Bajo un criterio —muy liberal, por cierto— de que en una sociedad que se pretende abierta se tiene que abrir el espacio a todas las “ideas y propuestas”. Todas las ideas son válidas, incluso las viciosas y peligrosamente absurdas. Es decir, ese “liberalismo” político que pretende mostrar al país y al sistema como uno abierto, admite en el ruedo del debate público asignándole una validez innata —a veces absoluta— a aquellas nociones que promueven y vanaglorian la desigualdad como un dado “natural e irremediable”; o las que pretenden fijar los roles de género a partir de criterios culturales obsoletos; o esas que incitan el odio hacia lo alterno en la asunción de una orientación e identidad, o que señalan a individuos y grupos que huyen de la guerra, la miseria, de países que se han quedado sin posibilidades, como los “culpables de los males que aqueja cierta sociedad”.

Los argumentos y el intercambio se tornan tóxicos, tanto a nivel político como mediático.

La polarización trajo consigo la fragmentación del espacio político que ya no respeta la pluralidad, ni la diversidad, ni el dirimir en el espacio cívico las diferencias y los conflictos en un “espacio agónico de democracia”. Esto es, procurar convergencias en aras del bien común, al mismo tiempo que se continúa dialogando sobre las diferencias con el propósito de encontrar convergencias y consensos futuros a los retos encarados por individuos y sociedad. En su lugar, tenemos operadores políticos que activamente buscan humillar, cancelar, neutralizar la disensión e incluso una solución aceptable —llamémosle “tercera vía” por falta de un término aceptable— a las contingencias que afectan el relativo buen funcionamiento de una sociedad.

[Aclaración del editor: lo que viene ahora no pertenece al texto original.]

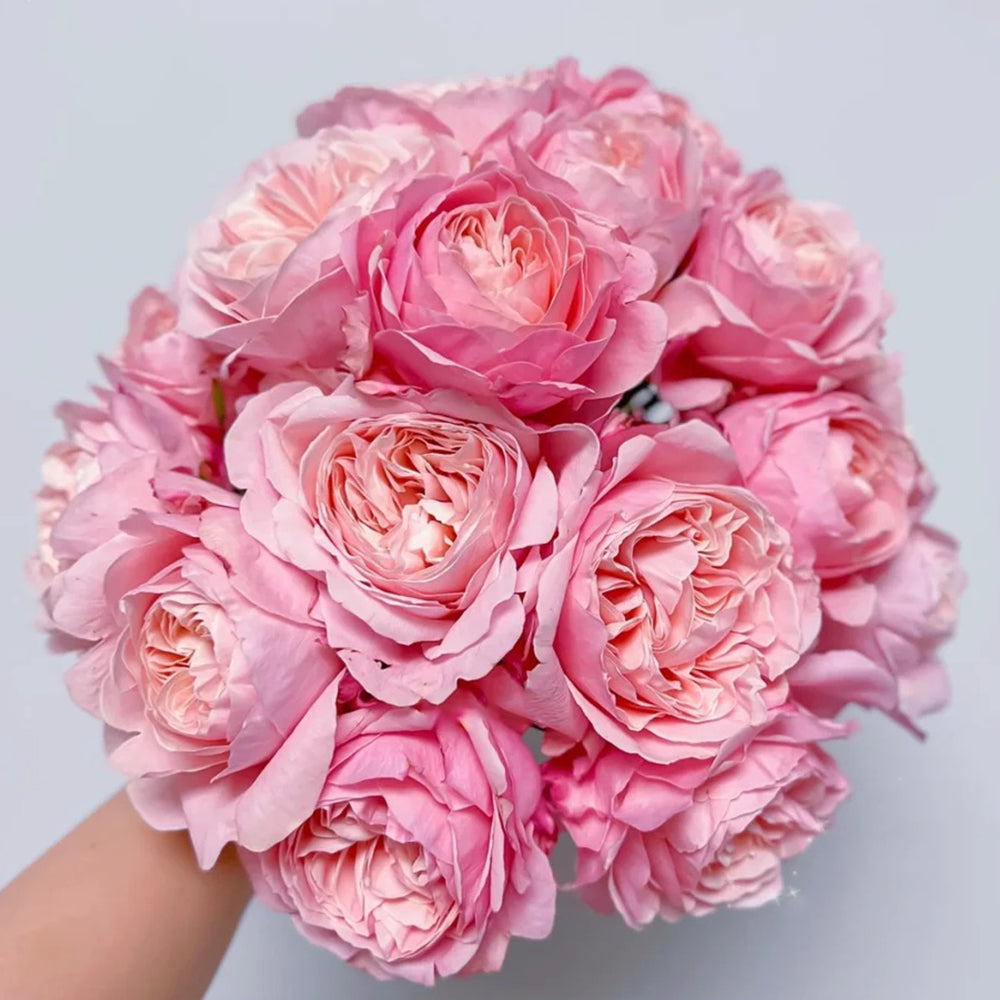 Puff Manor Florist Shrub Rose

Pasa en Francia lamentablemente; allí, las tensiones raciales exacerbadas por la extrema derecha de Reagrupamiento Nacional —pero que tampoco han sido abordadas por el poder público desde… nunca— detonó, en su capítulo más reciente, en la forma de motines que buscan denunciar el puño arbitrario y mortífero de la policía francesa, que le quitó la vida a un joven argelino-francés —Naël— que tuvo el infortunio de salir sin licencia. Pasa también en Italia y Grecia, donde los navíos migrantes zozobran en el traicionero Mediterráneo solo para encontrarse con la cruel severidad de políticas migratorias impuestas por el gobierno italiano, o la brutal indiferencia de las autoridades griegas ante la tragedia. Ocurre desafortunadamente en los Estados Unidos, donde una mayoría conservadora en su corte suprema revierte sus propios precedentes legales, tirando a la irrelevancia un esfuerzo intenso de varios elementos de su sociedad en procurar y mantener un aura y propósito de equidad racial en la educación postsecundaria. La suerte está echada, supongo; el tiempo dirá cuál será la nueva e intensa trinchera de lucha racial.

Falta comentar el bizarro suceso del fin de semana pasado en Rusia.

Al momento de publicación de esta columna reina aún la especulación y el temor a una consecuencia mayor, tanto en la dinámica política interna de Rusia, como en el campo de batalla en Ucrania —en medio de la ya mentada contraofensiva. Pero algo me queda claro: en el “paraíso autoritario” que se construyó Vladímir Putin —sin oposición, con “instituciones” al servicio de sus arbitrarios designios, con una dinámica hostil entre oligarcas, clase política y fuerzas de seguridad— la movilización desaconsejada a Ucrania mostró su naturaleza tambaleante.

El mercenario Prigozhin —también oligarca— mordió la mano del que lo alimentó, del que lo alimentó política y militarmente. Su frustración con la competencia, el Estado Mayor de las fuerzas armadas de la Federación Rusa, le llevó a revelar verdades incómodas que a su vez pusieron de manifiesto otra naturaleza: Putin vive en un castillo de naipes.